In recent years, a significant amount of effort in the field of speaker recognition has been spent on answering the question of how accurate the automatic methods for speaker identification and verification are compared, to the performance of human listeners. From these investigations, the question was raised whether automatic speaker recognition is one area of speech processing where machines can exceed human performance. Unfortunately, as no common formalism has been established and as the experiments reported in the literature usually do not have the same experimental conditions, conclusions are not clear.
In fact, the large number of possible distinct factors that should be managed in a listening session, such as the number of speakers, the duration of voice material, voice familiarity, the phonetic content of the speech material, delay between sessions, etc., make the definition of a standard listening test a very difficult goal. Moreover, the comparison between automatic methods and human listeners can easily end up in the selection of a task reasonable for the automatic system and unfair to listener capability.

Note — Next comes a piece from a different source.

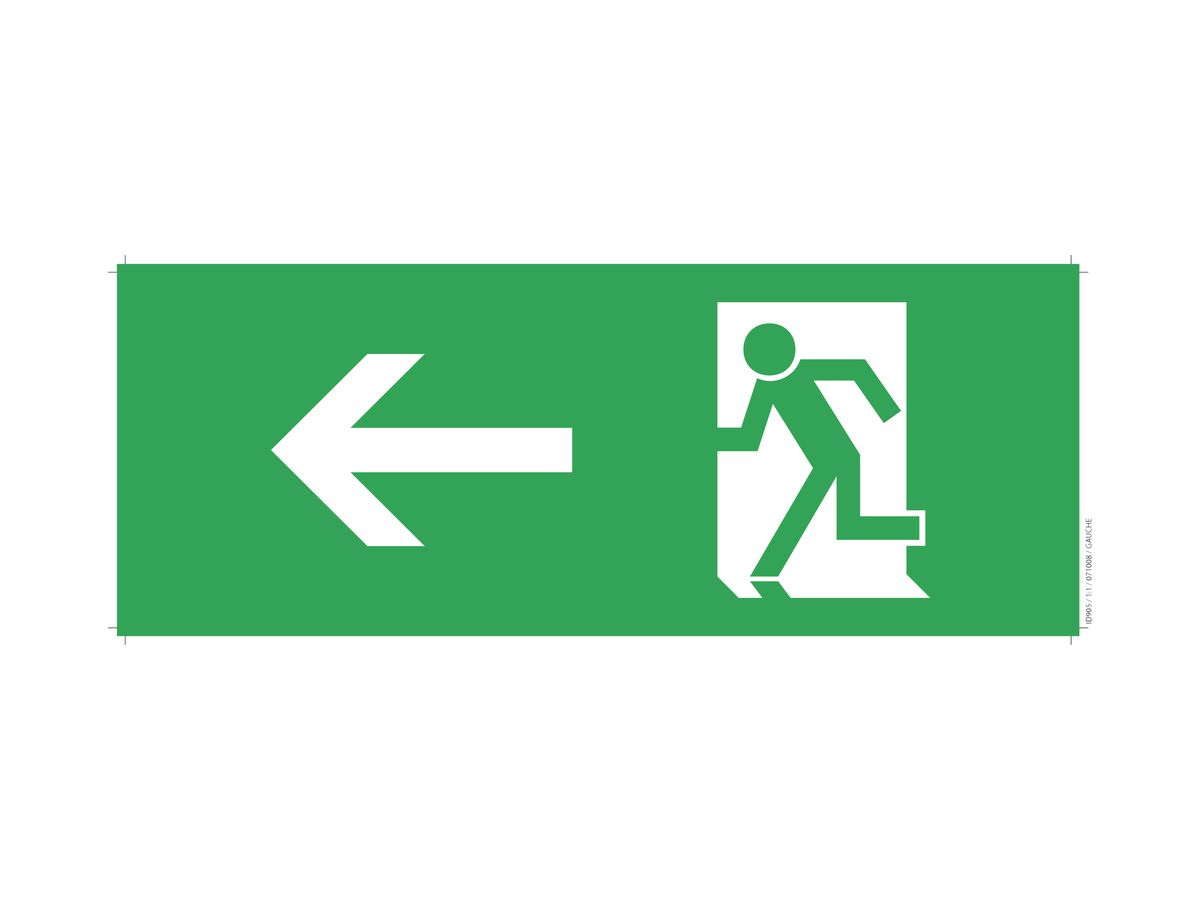 Piktogramm Rettungsweg nach links, für CFE 8 und CFE 9-11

Nevertheless, for speaker verification the problem becomes simpler [Rosenberg (1973), Federico (1989)], as a human calibration of the task can be done by a series of pair tests, to which the human listener is asked to judge whether they belong to the same speaker or not. A necessary step is now to define and test procedures for listening tests in automatic speaker verification, so that effort in this field will not vanish owing to a lack of reproducibility , or to multiple test conditions.

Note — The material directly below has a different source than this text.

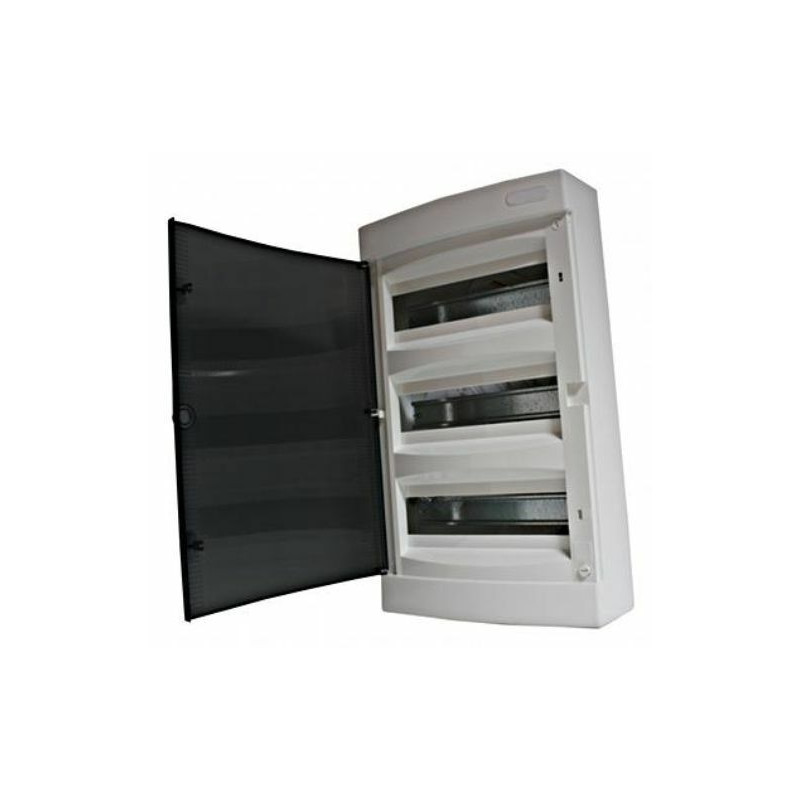 Coffret électrique APPARENT 36 modules 3 rangées avec porte translucide  teintée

Given that listening tests are very time consuming and cost intensive research activities, it is not realistic to envisage such a human calibration on every existing database. A good compromise would be to dedicate some effort to human calibration of standard databases. Nevertheless, further research and experiments in the human test field is necessary in order to fix possible standards and recommendations supported by both theoretical models and experimental results, as the listening methods would surely be helpful both in development and assessment of speaker recognition systems.